Thornton Osgood and his wife, while coming the other day into Richmond Indiana, had a lively ride. On reaching a long and very steep hill,

from which the snow has drifted and exposed an icy coating, their horse which is not been roughed could not make his footing sure and, in attempting to hold back, struck his hind legs against the crossbar in the shafts.

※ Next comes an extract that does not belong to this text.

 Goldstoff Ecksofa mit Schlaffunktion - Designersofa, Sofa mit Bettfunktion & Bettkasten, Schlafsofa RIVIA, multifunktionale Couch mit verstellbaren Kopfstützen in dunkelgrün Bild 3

Surprised, the animal tried to kick but the instant his heels were high enough to admit of it, the sleigh shot forward and scooped him up, the shafts snapping off and the sleigh knocking his front feet from under him at the same instant and, ere they knew hardly what was happening, Osgood and his wife found the horse in the sleigh with them and the whole went shooting down the declivity a full half a mile while the horse struggled to regain his feet and the terrified wife held fast by the horse, first screamed and then laughed at her frantic husband who, with the wildest ejaculations, commanded the horse to stop as though he were in the shafts and doing his level best to run away.

They reached the bottom of the hill without sustaining any bodily injury, however, and the most serious damage was the breaking of the shafts and harness and the loss of the chickens and eggs they were taking to market, the latter being mashed and the former liberated during the thrilling descent. 

--from Carriage Monthly, April 1884, Page 22
(as reprinted in "Horse Drawn Sleighs," 2nd Edition, 2003 by C.A.A.)